For others in this series, see Whoosh! Interview Series.

Some Excerpts

My motivation is probably that of most fan fiction writers: pure self-indulgence. We all occasionally think, "Wouldn't it be fun if this happened?" on a TV show. With fan fiction, we just go a step farther and try to flesh it out on paper. I've really enjoyed the challenge of trying to write dialogue and consistent characters, even if they are someone else's. ;-)

XWP was the first fiction I ever wrote, other than legal briefs. :-) I am taking a shot at a Voyager short story, but technobabble is a lot harder than legalese. It makes me appreciate a less-complicated formula, like, say, Xena, Gab, and a horse.

I told myself I wouldn't use this interview as a forum to knock the third season, but it's necessary a bit to answer this question. I found the first two seasons wonderfully romantic, clever, and inspirational. I hadn't ever been impacted by a TV show like that, not to the point of wanting to read -- let alone write -- fan fiction, spending the mortgage on memorabilia, going to conventions, etc. The third season shifted the characterization (in my view) from romantic to melodramatic, but the overarching concept of two women destined to be with each other against all odds is... sigh.

I'm Rebecca of Sunnybrook Farm when it comes to writing XWP fan fiction, which means avoiding a lot of the problems that might be faced in real life. For example, in my Xenaverse, no one seriously questions the appropriateness of two women having an intimate relationship. Xena and Gabrielle are disgustingly in love with each other, and have no interest in anyone else even before they've acknowledged it. (Yes, that's right--if Xena were marooned for a year on a desert island with twenty restless Hestian virgins, she wouldn't even notice them.) Realistic? Doesn't matter to me. I write and read fan fic stories as a form of escapism, so I mold the characters and their world to make myself happy.

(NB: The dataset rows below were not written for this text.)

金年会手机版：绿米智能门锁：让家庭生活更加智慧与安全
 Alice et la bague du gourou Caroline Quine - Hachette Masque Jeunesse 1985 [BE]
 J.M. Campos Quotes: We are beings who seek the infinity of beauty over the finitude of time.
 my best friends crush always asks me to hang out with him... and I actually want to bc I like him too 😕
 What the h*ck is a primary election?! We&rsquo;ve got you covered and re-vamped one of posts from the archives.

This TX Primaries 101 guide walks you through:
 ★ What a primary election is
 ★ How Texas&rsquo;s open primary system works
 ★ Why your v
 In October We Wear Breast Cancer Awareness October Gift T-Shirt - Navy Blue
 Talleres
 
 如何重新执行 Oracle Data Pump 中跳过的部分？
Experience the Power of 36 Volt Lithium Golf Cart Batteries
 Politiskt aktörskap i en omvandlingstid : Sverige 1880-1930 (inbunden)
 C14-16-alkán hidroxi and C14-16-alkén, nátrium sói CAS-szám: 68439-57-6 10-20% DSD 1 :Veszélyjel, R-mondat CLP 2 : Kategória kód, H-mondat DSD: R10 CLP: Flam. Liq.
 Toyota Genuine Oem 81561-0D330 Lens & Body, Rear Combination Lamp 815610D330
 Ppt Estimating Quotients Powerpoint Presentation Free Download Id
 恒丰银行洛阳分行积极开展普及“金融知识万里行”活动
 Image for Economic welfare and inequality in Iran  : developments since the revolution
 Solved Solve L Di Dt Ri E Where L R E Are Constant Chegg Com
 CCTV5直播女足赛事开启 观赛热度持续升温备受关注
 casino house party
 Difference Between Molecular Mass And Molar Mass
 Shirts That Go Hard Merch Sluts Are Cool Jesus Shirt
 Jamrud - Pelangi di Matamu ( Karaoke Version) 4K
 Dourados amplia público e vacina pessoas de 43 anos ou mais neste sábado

[There is some controversy about what uber-Xena fiction is. What is your current definition of a completely uber story?] Hmm. Good question. I guess it would be: A story about descendants or reincarnations of Xena and Gabrielle in which there is some link, in addition to similar physical appearance, to their forebears. I actually don't think of Janice & Mel stories as "uber," because they are characters who have actually appeared on the show, but I guess they would fall within my definition.